On the market operations side, Fullmark has developed its own in-house dispatch optimisation software tool, which McKissack claims enables “a lot of iterations and flexibility in both development and operations.”
“The differentiator there is that we can build it for whatever marketplace we want to develop in or want to explore and run just thousands of simulations across different scenarios,” the CEO says.
“We still look at third-party optimisation tools and benchmark against them, and see if we can bring in an outsourced provider, because we want to have the highest return possible. But I think the flexibility we get from having a tool like this in-house is really great from every aspect of the business.”
Owner-operator risk profile
There are different categories of risk between pure play development to flip and sell on, versus owning and operating projects. McKissack says that the owner-operator model allows for a diversity of revenues and longevity of systems’ lifetime, which Fullmark found attractive.
“You’re putting infrastructure in the ground, so you’re looking at the return profile of assets that are 20- 40 years out in life. That allows you to optimise around your cost of capital and find lower sources of cost of capital and finance the projects.”
The stable revenues an owned portfolio would give a developer can also help pay for overheads and development costs, while McKissack also believes that ownership also de-risks against the fluctuations of market dynamics.
“We have definitely seen over the last 20 years that you go through phases of being a seller’s market, phases of it being a buyer’s market. That’s not exactly stable, and it’s not exactly a de-risked investment profile from my perspective,” he says.
“By having both development and operations, you de-risk the business, but then you can also take advantage of M&A opportunities for buying and selling assets as necessary to round out your portfolio.”

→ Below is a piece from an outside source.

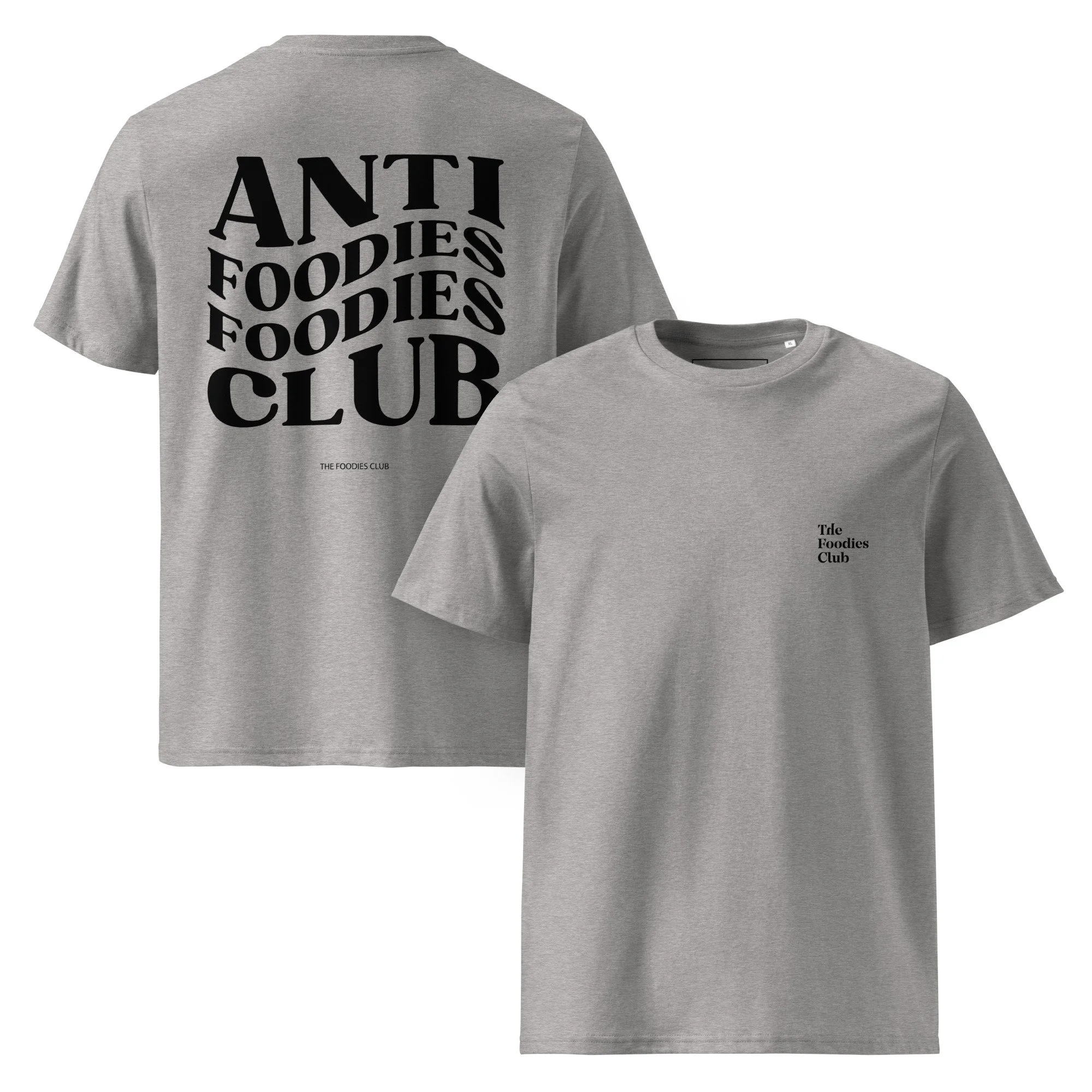 T-shirt heather grey Anti Foodies Foodies Club — frente e costas — merch The Foodies Club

The business model perhaps also makes an owner-operator more attractive to financiers, McKissack suggests, claiming that developers looking to sell on might not get as good terms, as much participation or “the ideal match for cost of capital”.
“The marketplace has seen that before, and so as somebody that’s an established owner-operator, demonstrating our ability to construct projects, demonstrating our ability to operate them, demonstrating our ability to actually improve operations by taking a hands-on approach to operations may not make a hundred basis points of difference, but it may help in the financing and in closing on the financing.”
Data centres changing the utility game
Ultimately, McKissack’s perspectives and Fullmark Energy’s strategy and business model support the notion that energy storage for the grid is a long-term infrastructure play.
Policy, regulation and market dynamics shift and change—something our colleagues on the solar industry ‘Solar Coaster’ know all too well—and this year’s conversations at RE+ will sound very different to last year’s as they likely will from next year’s.
For instance, at RE+ 2024, challenges and industry bottlenecks were framed around topics like long lead times for heavy equipment like transformers, permitting delays and long interconnection queues.
While in the medium-term, McKissack expects to see some projects fall out of the interconnection queues given the turmoil in policy and challenges of connecting to the grid, he notes that one big recent change—the emergence of data centres handling heavy AI computing loads—could signal a bigger shift.
After years of US utilities telling developers of generators and energy storage how difficult and expensive it is to connect to the grid, data centres are now asking for the same grid connections and getting them “fast and cheap,” the CEO says.
“You can’t do one without the other. You can’t add these high single-digit percentages of load to the grid without adding generation or decreasing your reliability and resiliency on the grid. Utilities are going to have to find a way to use the mindset that they’re using to connect the data centres to speed up connections for generators.”